*What you should do*
Give back the lines of the entries below exactly as written, from the first line to the line holding "Wooden Garden Shed", both included, with the pictures omitted.

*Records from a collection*
-----

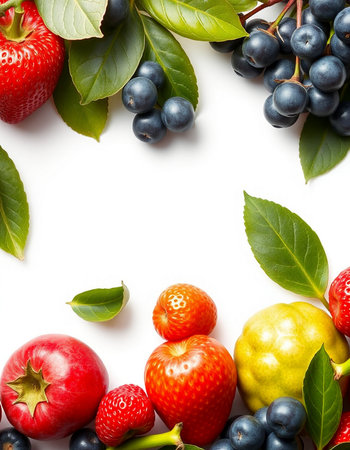 Fruits and berries isolated on white background with copy space for your textの写真素材
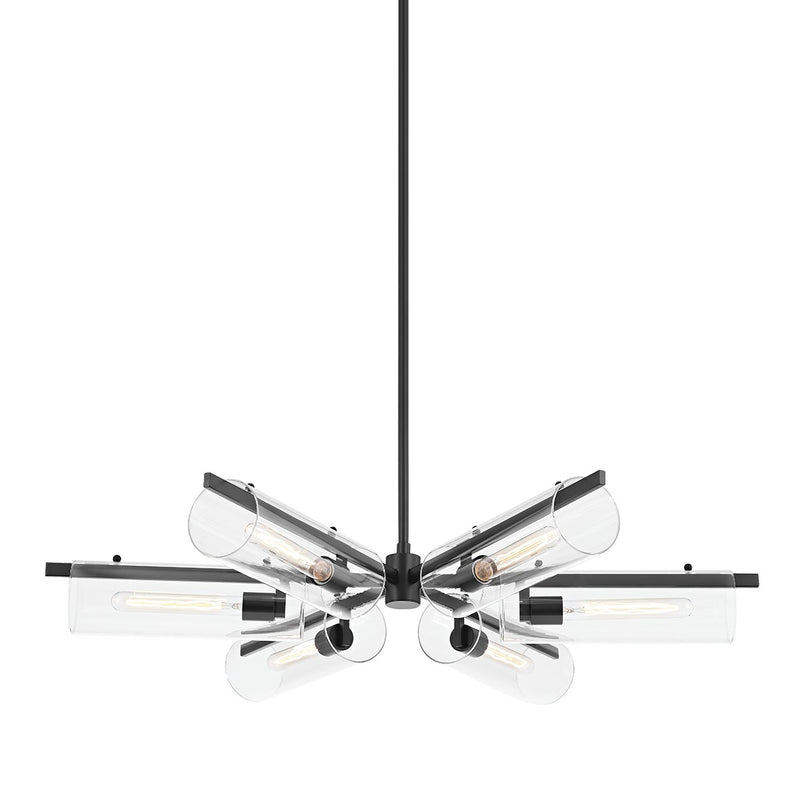 Mitzi H326806-SBK Six Light Chandelier, Soft Black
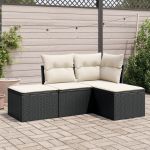 Set mobilier de grădină cu perne, 4 piese, negru, poliratan GartenMobel Dekor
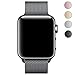 GEOTEL 42mm Milanese Loop Stainless Steel Bracelet Strap Band for Apple Watch Series 1 Series 2 Sport&Edition with Unique Magnet Lock(No Buckle Needed) (42mm-Black)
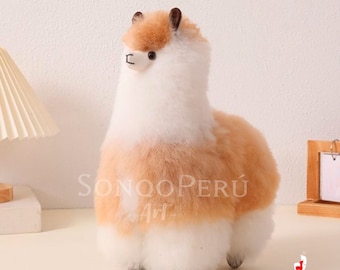 Handgemaakt speelgoed babyalpacabont: beige pluche knuffeldier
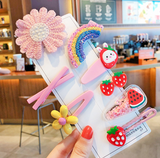 Lianfudai 1 Set Children's Cute Cartoon Flowers and Fruits Rubber Band Hairpins Girls Cute Gift Hairpins Kids Bangs Bow Hairpins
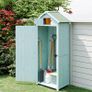 Wooden Garden Shed with 3 Shelves, Vertical Utility Shed Outdoor Tool Storage Cabinet, 77 x 54.2 x 179cm, Blue Image 8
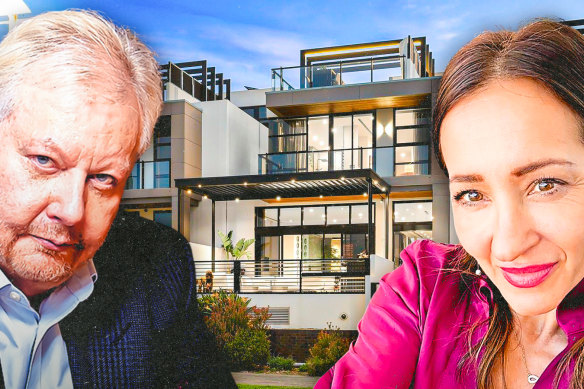 WiseTech founder Richard White, WiseTech employee Christine Kontos, and the $6.9 million Melbourne mansion.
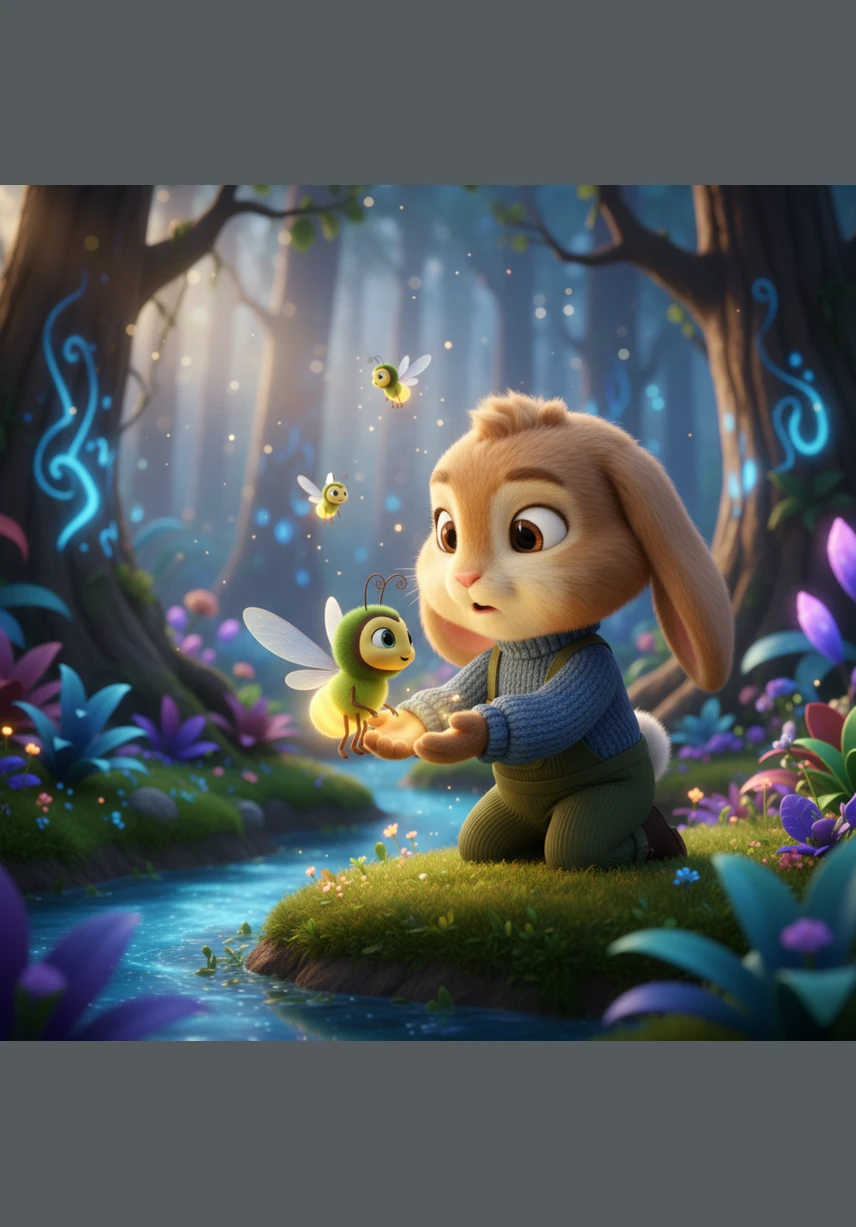 Barnaby burst through the tall grass and saw the warm, inviting glow of his family's burrow just ahead. His mother was waiting outside, her face lighting up with relief as she saw her brave little bunny returning home. He hopped straight into her soft fur, feeling safe, loved, and incredibly proud of himself.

-----

*Response to this task*
 Fruits and berries isolated on white background with copy space for your textの写真素材
 Mitzi H326806-SBK Six Light Chandelier, Soft Black
 Set mobilier de grădină cu perne, 4 piese, negru, poliratan GartenMobel Dekor
 GEOTEL 42mm Milanese Loop Stainless Steel Bracelet Strap Band for Apple Watch Series 1 Series 2 Sport&Edition with Unique Magnet Lock(No Buckle Needed) (42mm-Black)
 Handgemaakt speelgoed babyalpacabont: beige pluche knuffeldier
 Lianfudai 1 Set Children's Cute Cartoon Flowers and Fruits Rubber Band Hairpins Girls Cute Gift Hairpins Kids Bangs Bow Hairpins
 Wooden Garden Shed with 3 Shelves, Vertical Utility Shed Outdoor Tool Storage Cabinet, 77 x 54.2 x 179cm, Blue Image 8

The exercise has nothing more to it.